### RECORDS TO USE
★ ★ ★ ★
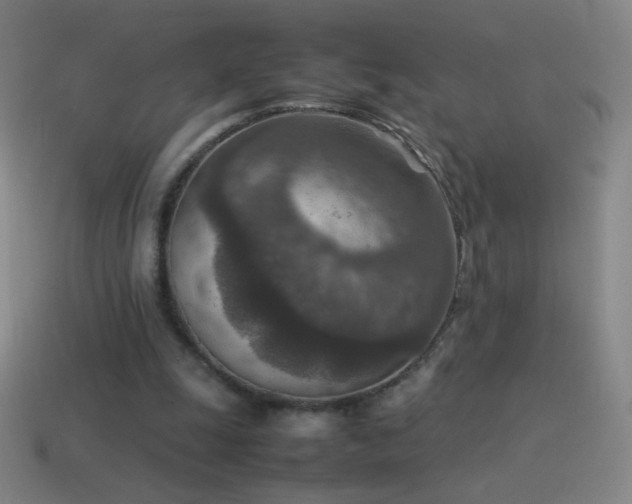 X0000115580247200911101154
★ ★ ★ ★
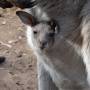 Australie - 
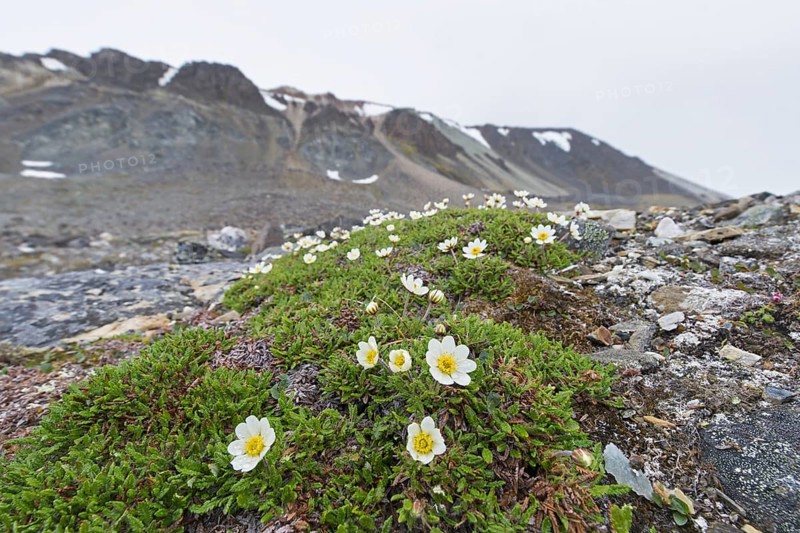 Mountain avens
★ ★ ★ ★
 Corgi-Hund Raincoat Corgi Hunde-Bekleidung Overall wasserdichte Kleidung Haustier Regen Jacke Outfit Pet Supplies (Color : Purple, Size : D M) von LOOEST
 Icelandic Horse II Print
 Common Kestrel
★ ★ ★ ★
### BRIEF
Your answer should be the lines above, from the line containing "Corgi-Hund Raincoat Corgi" up to and including the line containing "Common Kestrel", reproduced exactly and with nothing else.

### YOUR SOLUTION
 Corgi-Hund Raincoat Corgi Hunde-Bekleidung Overall wasserdichte Kleidung Haustier Regen Jacke Outfit Pet Supplies (Color : Purple, Size : D M) von LOOEST
 Icelandic Horse II Print
 Common Kestrel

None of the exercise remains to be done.